Excel Tips

Data Cleaning in Excel: A Realistic Walkthrough for Analysts

A practical guide to cleaning messy data in Excel, covering version control, formatting cleanup, and string manipulation techniques.

6 min read

The Least Discussed Topic in Data: Data Cleaning in Excel

What's the one thing the vast majority of data professionals say takes up most of their time?

Data cleaning in Excel.

And yet it's among the least discussed topics in the data sphere. Everyone wants to talk about insights and visualizations. Nobody wants to talk about the three hours you spent fixing date formats.

According to Wikipedia: Data cleansing is the process of detecting and correcting or removing corrupt, inaccurate records from a record set, table, or database.

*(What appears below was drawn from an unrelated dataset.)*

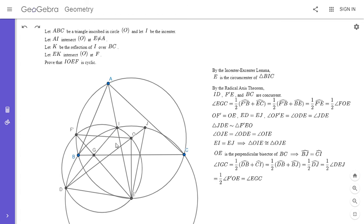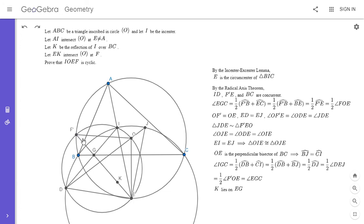So angle EGC equals angle IGC, which means there's a symmetry so that if you reflect I over BC, it must lie on EF prime. K is the reflection of I over BC, and since angle IGC equals angle EGC, K must lie on EG by symmetry. And if K lies on EG, that means F prime is actually F, because F is where EK meets the circumcircle centered at O. So we've essentially solved the problem: F prime equals F, and therefore IOEF must be cyclic.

But here's the part that's actually rewarding: data wrangling—transforming and mapping data from one raw form into another format with the intent of making it more appropriate and valuable.

Data analysts typically spend the majority of their time in data wrangling compared to actual analysis. This is where the transformation of data actually begins.

First Things First: Version Control

When I receive a data file, the first thing I do is save it under a different name.

Original: source_data.xlsx
New: volume_by_region_data_request_v1.xlsx

Why? Because clean data requires documentation. If anything happens to the file, or if I need to reference what version I was on, I have that history.

This also lets me create checkpoints throughout the process. If I muck something up, I can go back.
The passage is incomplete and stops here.